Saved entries
────────────────────────────────────────

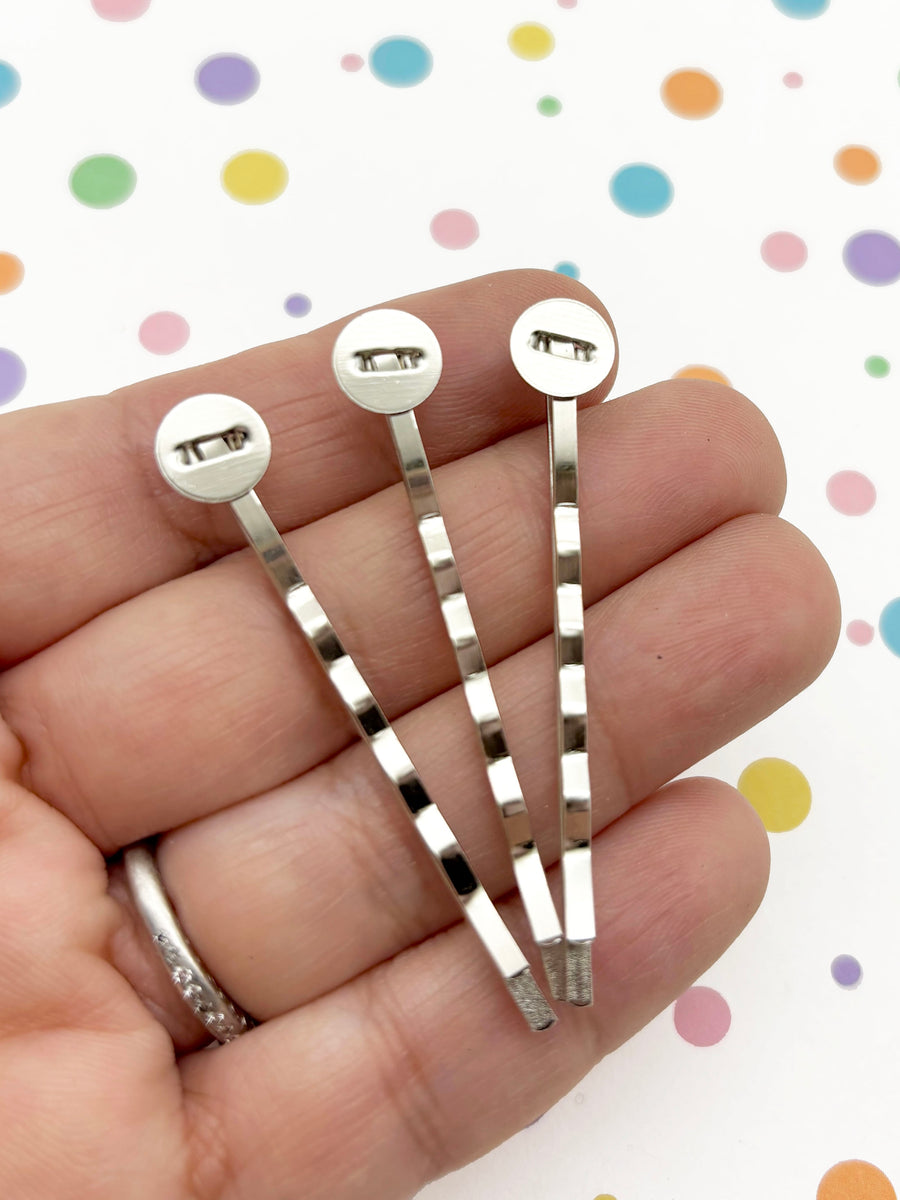 25 pieces 50mm Silver Bobby Pins with 8mm Round Flat Diy Glue Pad, Hair ...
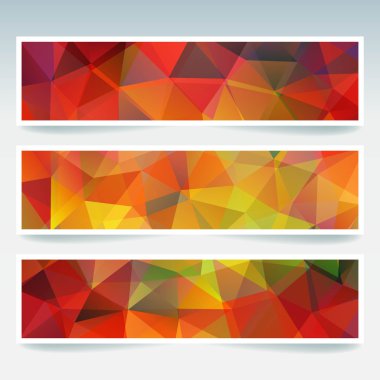 İş tasarım şablonları ile soyut başlık. Çokgen mozaik arka planlara sahip Afiş seti. Geometrik üçgen vektör illüstrasyon. Turuncu, sarı, kırmızı renkler.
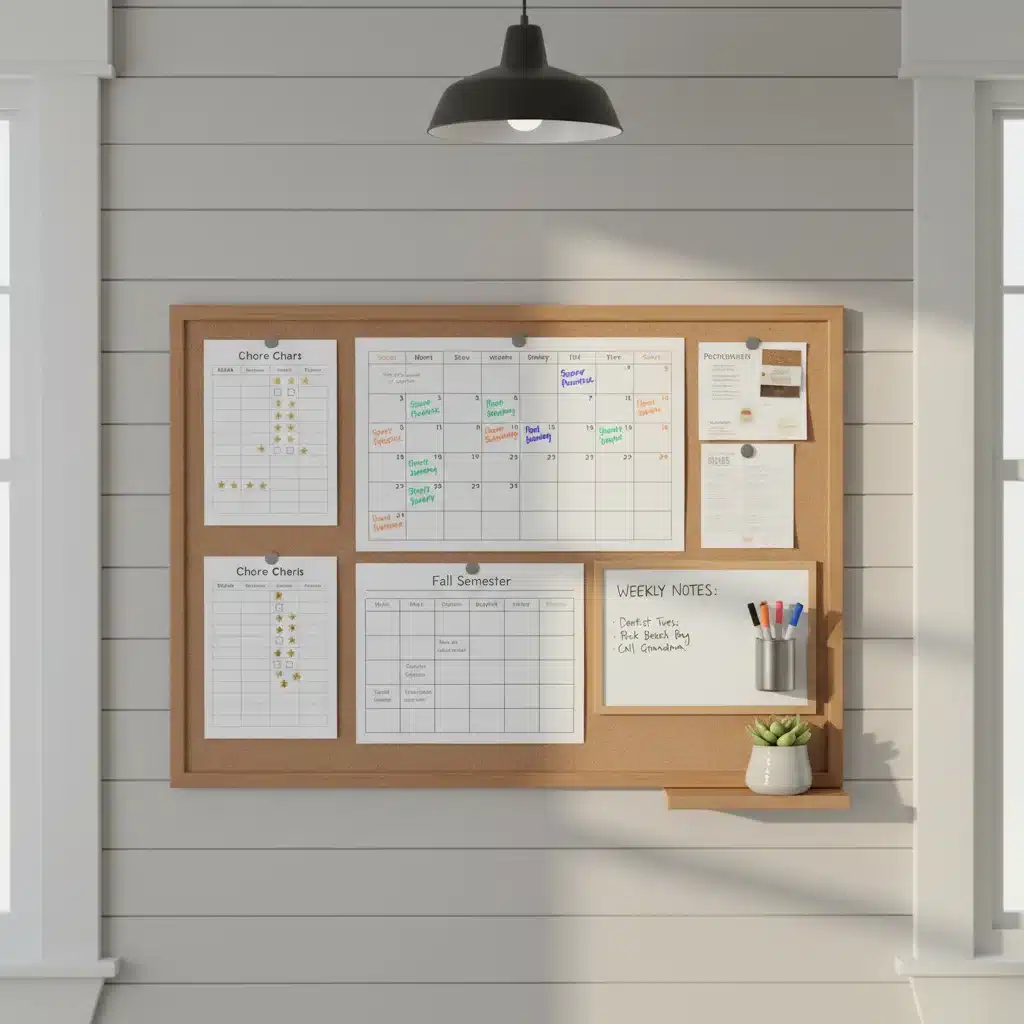 Centro de mando familiar organizado con calendario, horarios y listas de tareas para una mejor gestión del tiempo.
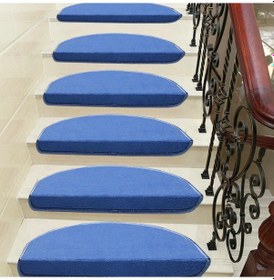 Resim Mavi Kendinden Yapışkanlı Merdiven Basamak Paspası / Halısı (402797485) 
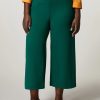 Abbigliamento Marina Rinaldi | Pantaloni In Crepe Jersey Scuba Verde Scuro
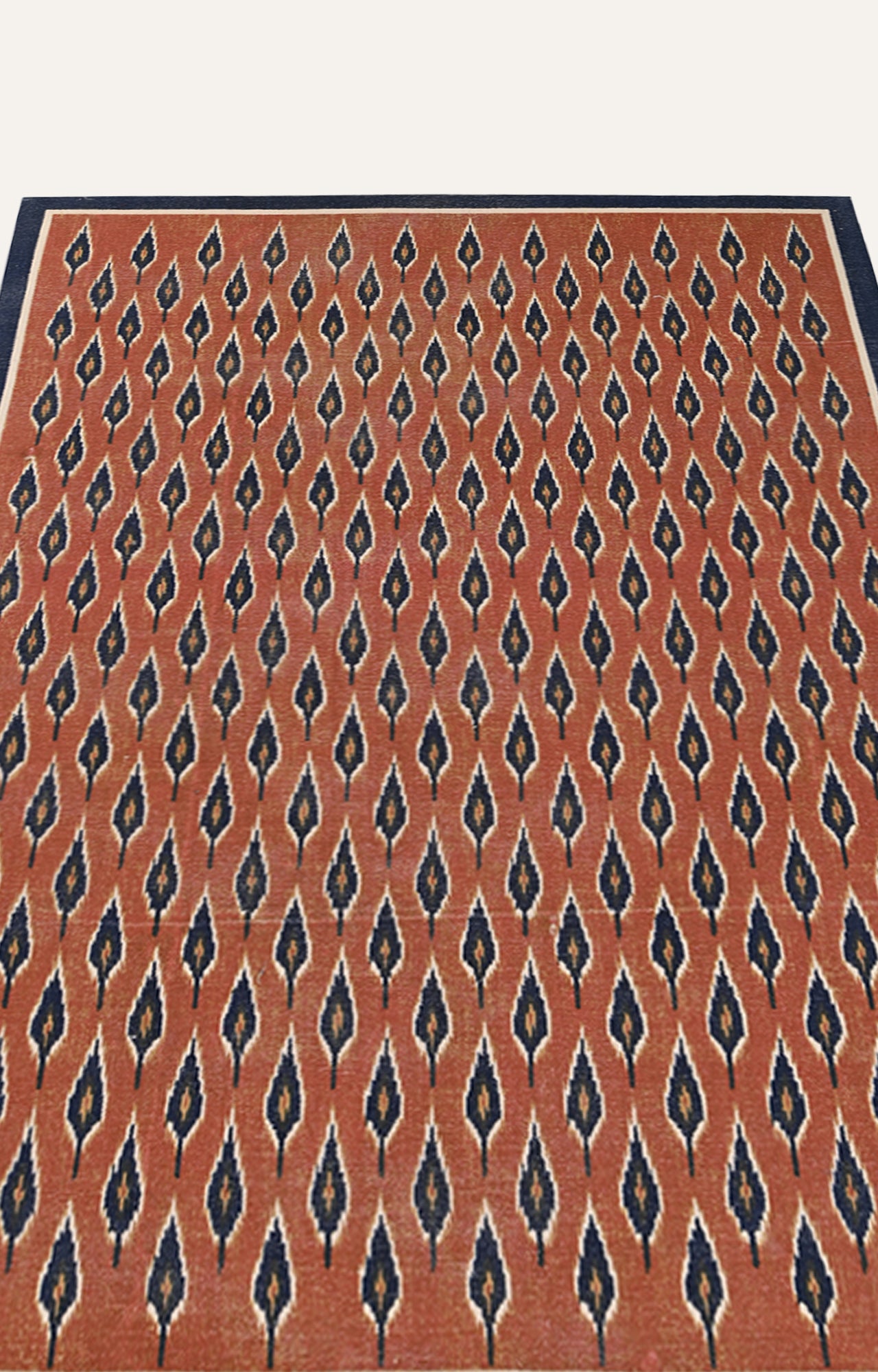 Rust & Indigo Reprise Leaf Cotton Rug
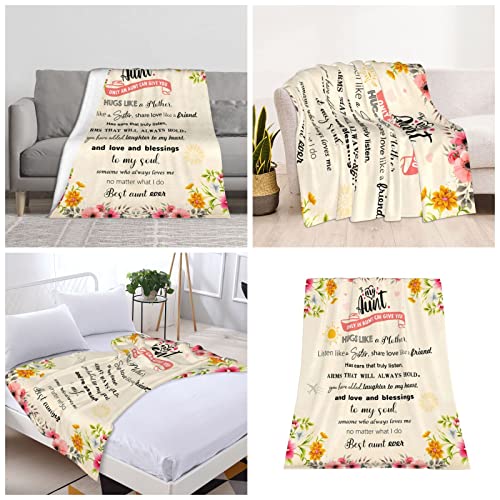 Tsefiwo Mothers Day Aunt Gifts Throw Blanket - Aunt Gifts from Niece - Birthday Gifts for Aunt - Best Aunt Ever Gifts - Gifts for Aunts from Niece - Auntie Gifts 60x50 Inch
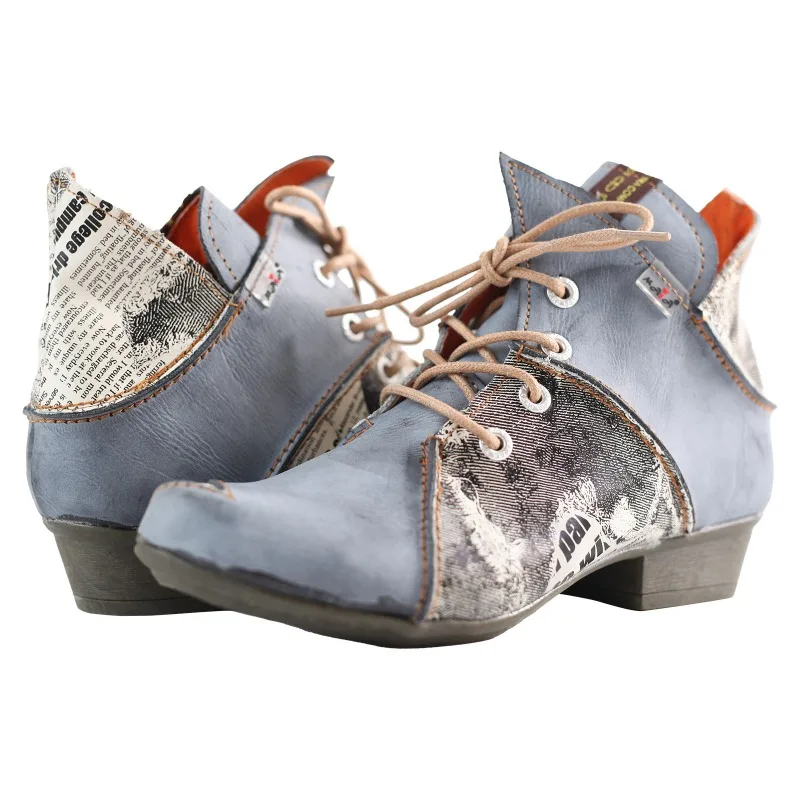 2026 Y2K Vintage American‑Style Lace‑Up Newspaper‑Print Patchwork PU Leather Ankle Boots, Niche Retro Women Fashion Short Boots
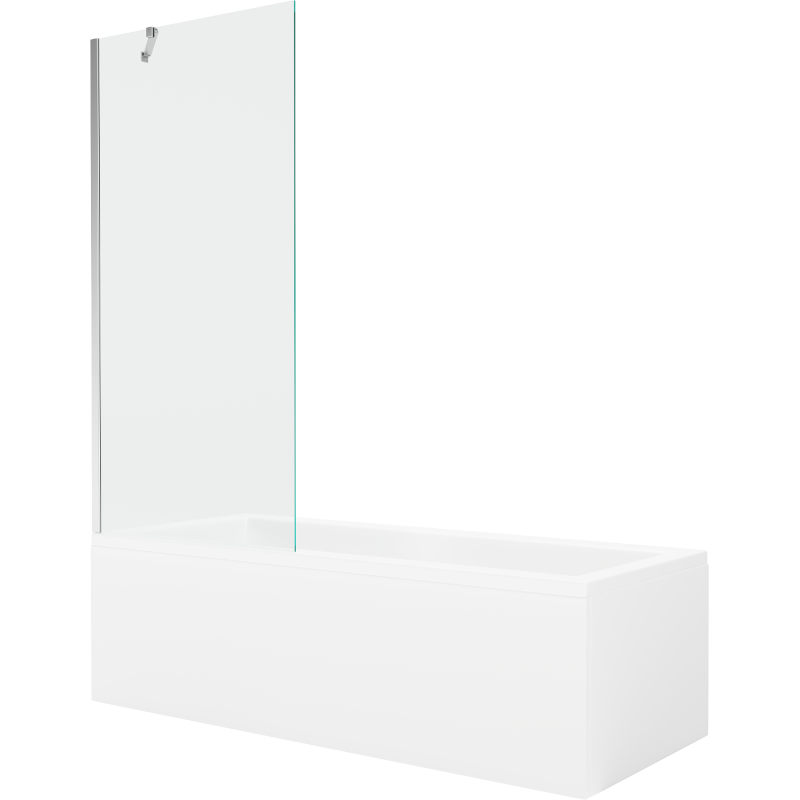 Mexen Cubik 150 x 70 cm rectangular bathtub with panels and a 1-wing screen 80 cm, transparent, chrome - 550315070X9508000001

────────────────────────────────────────

Work to be completed –
Omit the pictures, then copy out all the data exactly as it stands.

Solution to the problem –
 25 pieces 50mm Silver Bobby Pins with 8mm Round Flat Diy Glue Pad, Hair ...
 İş tasarım şablonları ile soyut başlık. Çokgen mozaik arka planlara sahip Afiş seti. Geometrik üçgen vektör illüstrasyon. Turuncu, sarı, kırmızı renkler.
 Centro de mando familiar organizado con calendario, horarios y listas de tareas para una mejor gestión del tiempo.
 Resim Mavi Kendinden Yapışkanlı Merdiven Basamak Paspası / Halısı (402797485) 
 Abbigliamento Marina Rinaldi | Pantaloni In Crepe Jersey Scuba Verde Scuro
 Rust & Indigo Reprise Leaf Cotton Rug
 Tsefiwo Mothers Day Aunt Gifts Throw Blanket - Aunt Gifts from Niece - Birthday Gifts for Aunt - Best Aunt Ever Gifts - Gifts for Aunts from Niece - Auntie Gifts 60x50 Inch
 2026 Y2K Vintage American‑Style Lace‑Up Newspaper‑Print Patchwork PU Leather Ankle Boots, Niche Retro Women Fashion Short Boots
 Mexen Cubik 150 x 70 cm rectangular bathtub with panels and a 1-wing screen 80 cm, transparent, chrome - 550315070X9508000001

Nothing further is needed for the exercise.